Dal with 2 Chapati
Lunch • India
How to Make Dal with 2 Chapati (Traditional & Healthy Version)
Dal with 2 Chapati is a quintessential North Indian lunch, cherished across households for its comforting flavors and nutritional balance. Dal, a staple lentil curry, is rich in protein and fiber, while chapati, made from whole wheat atta, is a light yet filling flatbread. This classic combination is commonly served during Indian festivals like Holi and Diwali, symbolizing wholesome vegetarian fare. The dish has roots in Punjab, Uttar Pradesh, and Delhi, where dal is often tempered with aromatic spices and served with freshly made chapati straight from the tawa. The meal offers a perfect harmony of taste and health, making it a popular choice for both everyday dining and festive occasions. The taste of dal with chapati is earthy, mildly spiced, and deeply satisfying, appealing to all age groups from children to elders. Different regions in North India add their own twist—some prefer a thicker dal, others more liquid; chapati may be thin or slightly crisp. The combination provides sustained energy and keeps you full, making it ideal for lunch, especially in Indian summers. The use of simple, wholesome ingredients aligns with modern health-conscious lifestyles, ensuring every bite is packed with nutrition without compromising on authentic flavors. Dal with 2 Chapati is not just a meal but a cultural icon, served in Indian thalis, school lunches, and during community gatherings. Its simplicity and versatility have made it a favorite for those tracking calories and seeking balanced vegetarian meals. Whether enjoyed during festivals or as a daily lunch, this dish embodies the heart of North Indian cuisine.

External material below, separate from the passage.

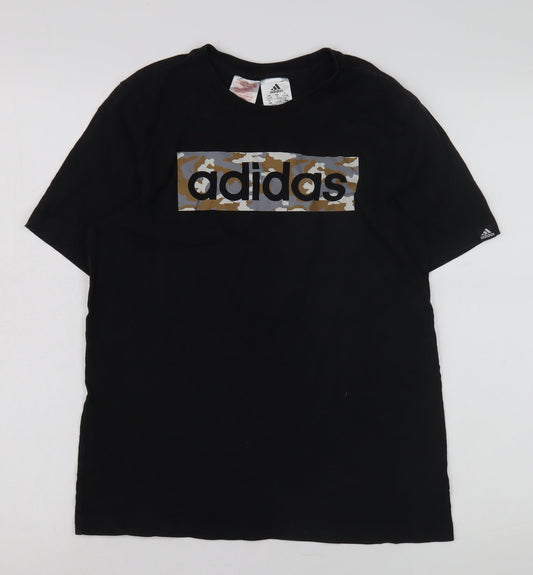 Additional front view of Adidas boys’ black camouflage logo t-shirt, size 13-14, years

Ingredients(for 1 cup dal + 2 chapati per person)
- 1 cup Toor dal (arhar dal) (Split pigeon peas)
- 3 cups Water
- 2 cups Atta (whole wheat flour) (For chapati)
- 1 tsp Salt (Namak)
- 1/2 tsp Turmeric powder (Haldi)
- 1/2 tsp Cumin seeds (Jeera)
- 2 tsp Ghee or oil (Use mustard oil for authenticity)

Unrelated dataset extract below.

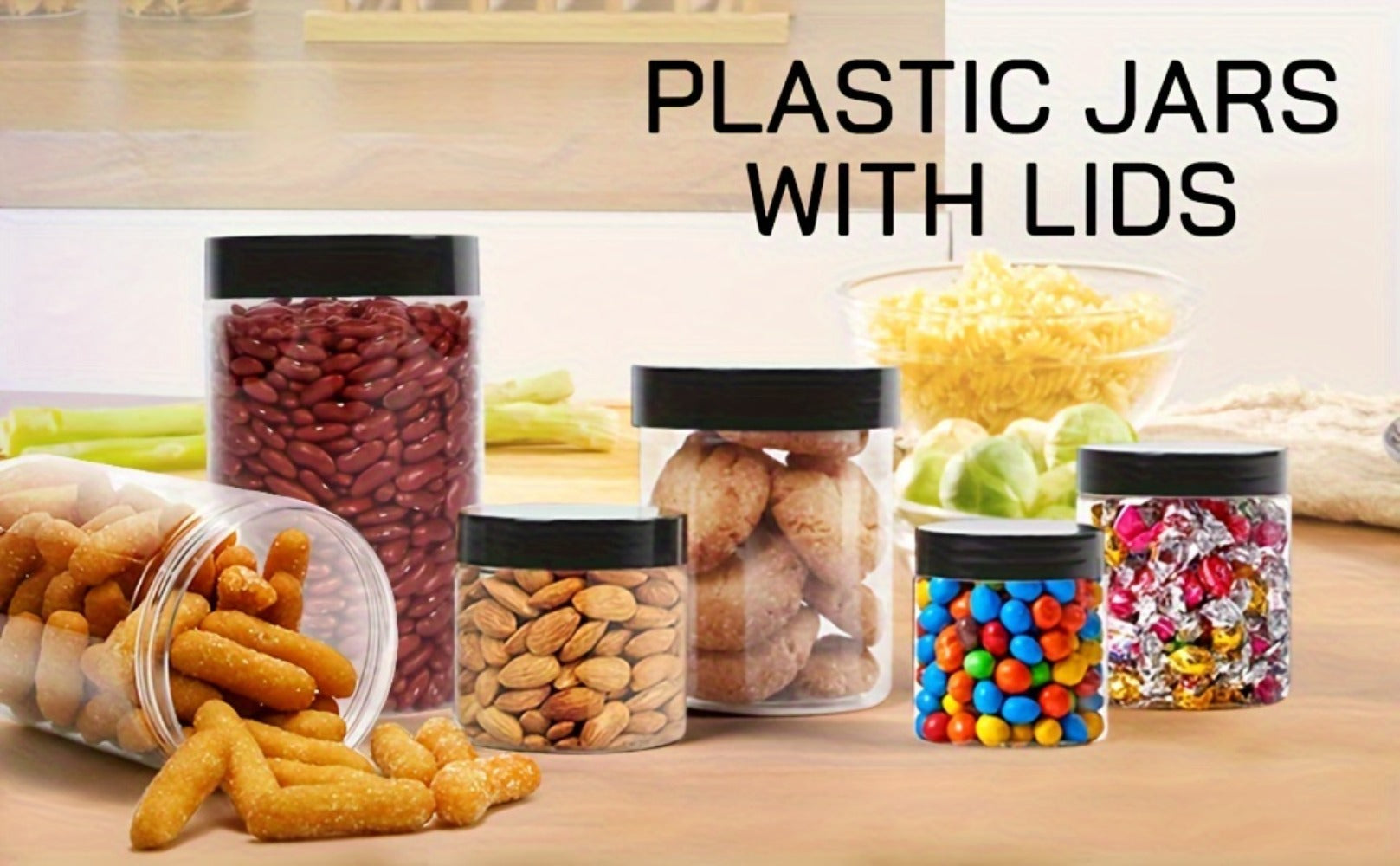 Clear Plastic Jars with Lids 4oz Set of 12 - Leakproof Food Storage Containers with Black Lids for Spice, Honey, Candy, Slime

- 1 Green chili (Hari mirch, chopped) - optional
- 1 small Onion (Finely chopped) - optional
- 1 medium Tomato (Chopped) - optional
- 2 tbsp Coriander leaves (Hara dhania, chopped) - optional
Instructions
- 1
Wash toor dal thoroughly and soak for 10 minutes. Drain and add to a pressure cooker with water, turmeric, and salt.
5 minutes
Soaking dal speeds up cooking and aids digestion.
- 2
Pressure cook dal for 3 whistles or until soft. Let the pressure release naturally.
10 minutes
Don't overcook; dal should be creamy yet retain some texture.
- 3
In a pan, heat ghee or oil. Add cumin seeds, let them splutter. Add chopped onion, green chili, and sauté till golden.
5 minutes
For deeper flavor, cook onions slowly until caramelized.
- 4
Add chopped tomato and cook until soft. Pour cooked dal into the pan, mix, and simmer for 5 minutes. Adjust salt as needed.
5 minutes
Simmering brings out the flavors of the spices.
Why This Dish is Healthy
Dal with 2 Chapati is a balanced vegetarian meal, offering a blend of protein, fiber, and slow-digesting carbohydrates. It keeps you full for longer, aids in muscle repair, and supports weight management. The use of whole wheat atta and lentils aligns with healthy eating guidelines, making it ideal for those tracking calories or seeking nutritious Indian lunch options.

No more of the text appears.